The resurrection body is different; it is imperishable; it cannot die again (1 Corinthians 15:52). The immediate context of that verse is revealing:
I declare to you, brothers and sisters, that flesh and blood cannot inherit the kingdom of God, nor does the perishable inherit the imperishable. Listen, I tell you a mystery: We will not all sleep, but we will all be changed— in a flash, in the twinkling of an eye, at the last trumpet. For the trumpet will sound, the dead will be raised imperishable, and we will be changed. For the perishable must clothe itself with the imperishable, and the mortal with immortality. When the perishable has been clothed with the imperishable, and the mortal with immortality, then the saying that is written will come true: “Death has been swallowed up in victory.” ~ 1 Corinthians 15:50-54
May I propose that this change does not necessarily apply to everyone, but to “brothers and sisters” whether they “sleep” or not? That “the dead” refers to the dead among the believers, not all of those who have died? Because “the perishable cannot inherit the imperishable,” perhaps those who have not been obedient are – at the day of judgment – not resurrected at all, but resuscitated? Given back their mortal forms in order to stand at judgment as well?

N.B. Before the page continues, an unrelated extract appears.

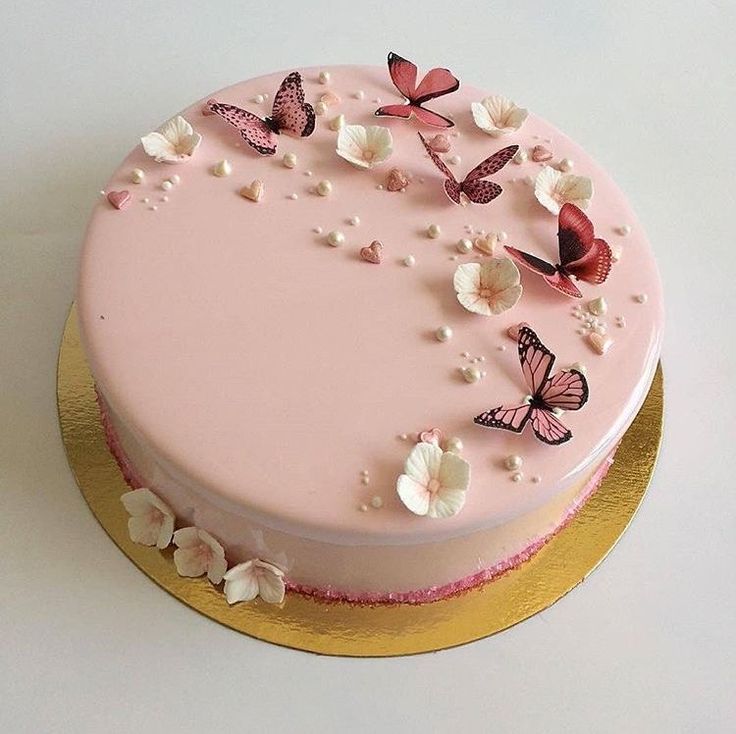 a pink cake decorated with butterflies and flowers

I don’t intend to be dogmatic about this; I’m just proposing it.
Unconvinced? That’s okay. It’s not a test of fellowship. It’s a proposition. But consider the verses of the larger context, immediately before these just quoted:
So will it be with the resurrection of the dead. The body that is sown is perishable, it is raised imperishable; it is sown in dishonor, it is raised in glory; it is sown in weakness, it is raised in power; it is sown a natural body, it is raised a spiritual body.If there is a natural body, there is also a spiritual body. So it is written: “The first man Adam became a living being”; the last Adam, a life-giving spirit. The spiritual did not come first, but the natural, and after that the spiritual. The first man was of the dust of the earth; the second man is of heaven. As was the earthly man, so are those who are of the earth; and as is the heavenly man, so also are those who are of heaven. And just as we have borne the image of the earthly man, so shall we bear the image of the heavenly man. ~ 1 Corinthians 15:42-49
That may or may not mean that “earthly man” refers to those who will not obey. It could, as is usually understood, simply refer to our mortal forms — whether believer or not. I’m speculating. I acknowledge it again.
But this could explain how all will face judgment – no matter what degree of decay or even atomization their mortal form may have taken (Revelation 20:11-13) – yet the disobedient can be destroyed (2 Thessalonians 1:9; 2 Peter 3:7) while those given grace also receive immortality (2 Timothy 1:10); eternal life (for the aeons – Mark 10:30; John 3:16; John 5:24; John 17:2; Romans 2:7, etc.)
And the last enemy to be destroyed is death (1 Corinthians 15:26).